University leaders are also worrying about what a Trump administration could mean for research funding. The government is likely to cut back on investments on budgetary grounds, but also on ideological grounds, since universities tend to be seen as liberal enclaves. Experts say that non-ideological scientific research is particularly vulnerable. House Republicans, led by Representative Lamar Smith, who chairs the House Science, Space and Technology Committee, have tried before to cut federal funding for social sciences and climate and energy research, and having a president who refers to global warming as a hoax “created by and for the Chinese” doesn’t augur well for federal research investments.

Moreover, as the president-elect frequently rails about political correctness, higher education leaders worry that a Trump administration will not look kindly on student free speech and protest. Ben Carson, who was briefly considered for Trump’s education secretary, said that if he were in control he would repurpose the department to monitor colleges and universities for “extreme bias” and deny federal funding to those judged to have it.
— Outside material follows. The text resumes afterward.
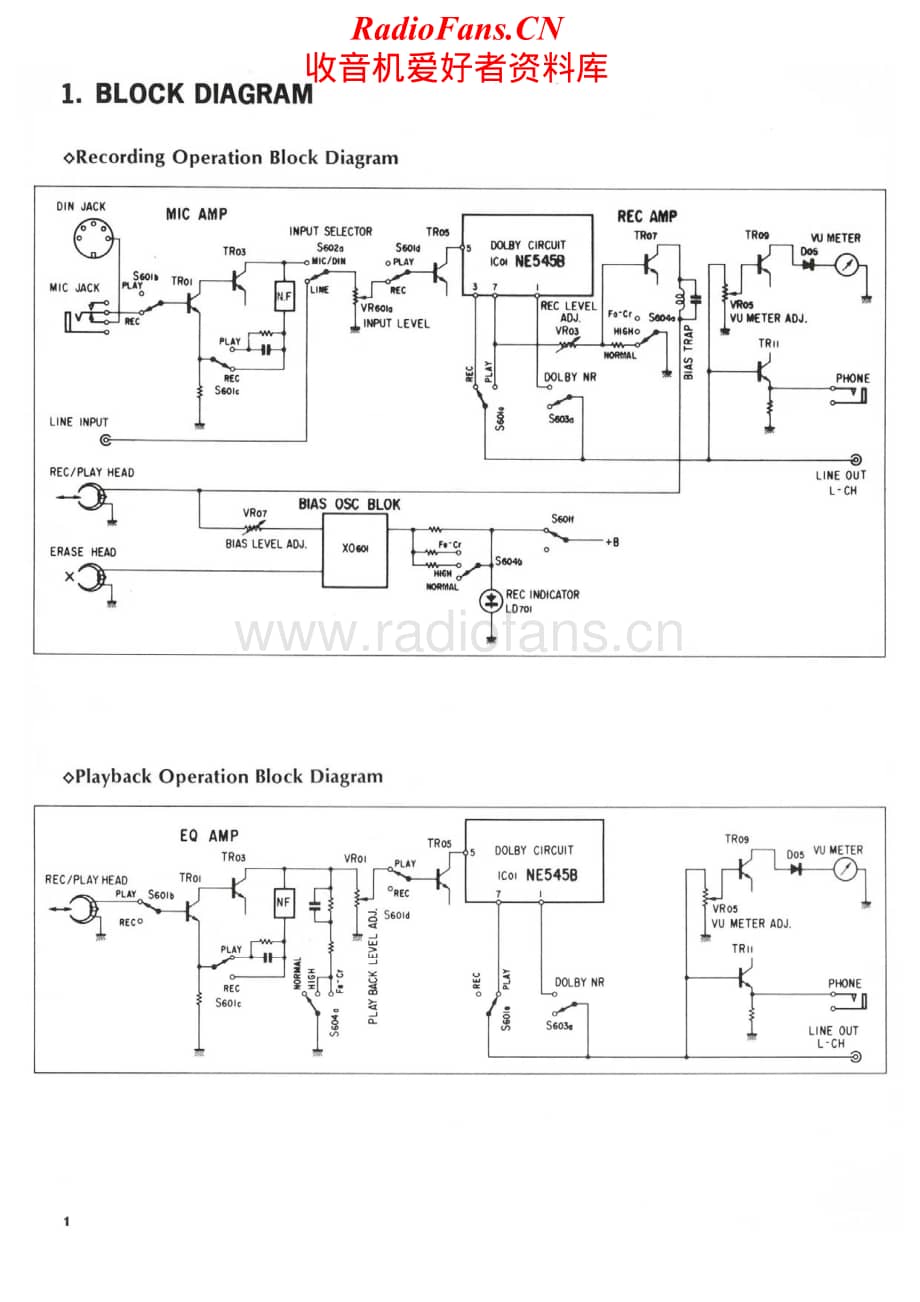 Sansui-SC-1100-Service-Manual电路原理图.pdf_第2页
Decrying alleged campus bias is a staple of “alt-right” (read: white nationalist) media outlets like Breitbart, whose chief, Steve Bannon, will be Trump’s strategic adviser and senior counselor.

The Path Forward for Progressives

For a week following the election, it wasn’t clear how exactly the liberal groups that backed Obama’s education reform agenda—Common Core standards, test-based accountability, and charter schools—would respond to their new choice-friendly president. The fact that the school reform agenda has long had bipartisan backing has always been one of its strongest political assets.

As pundits tried to guess whom Trump would pick for various cabinet-level positions, rumors started to float that Trump might be eyeing Michelle Rhee, the controversial former D.C. Public Schools chancellor, or Eva Moskowitz, the founder and CEO of Success Academy Charter Schools in New York City, for education secretary. Both women back the Common Core standards, and are broadly revered among Democratic school reformers.

But on November 17, just over a week after the election, the president of Democrats for Education Reform, Shavar Jeffries, issued a strongly worded statement urging Democrats to refuse to accept an appointment to be Trump’s secretary of education. “In so doing, that individual would become an agent for an agenda that both contradicts progressive values and threatens grave harm to our nation’s most vulnerable kids,” Jeffries said. He condemned Trump for his plans to eliminate accountability standards, to cut Title I funding, to reduce support for social services, and for giving “tacit and express endorsement” to racial, ethnic, religious, and gender stereotypes, and he called on the president-elect to disavow his past statements.

Shortly thereafter, Moskowitz announced that she would “not be entertaining any prospective opportunities” in the administration, but defended the president-elect, saying there are “many positive signs” that President Trump will be different than candidate Trump. His daughter, Ivanka Trump, took a tour of a Success Academy charter in Harlem later that week. Rhee, following a meeting with Trump a few days later, issued a statement saying she would not pursue a job in Trump’s administration but that “[w]ishing for his failure” would amount to “wanting the failure of our millions of American children who desperately need a better education.”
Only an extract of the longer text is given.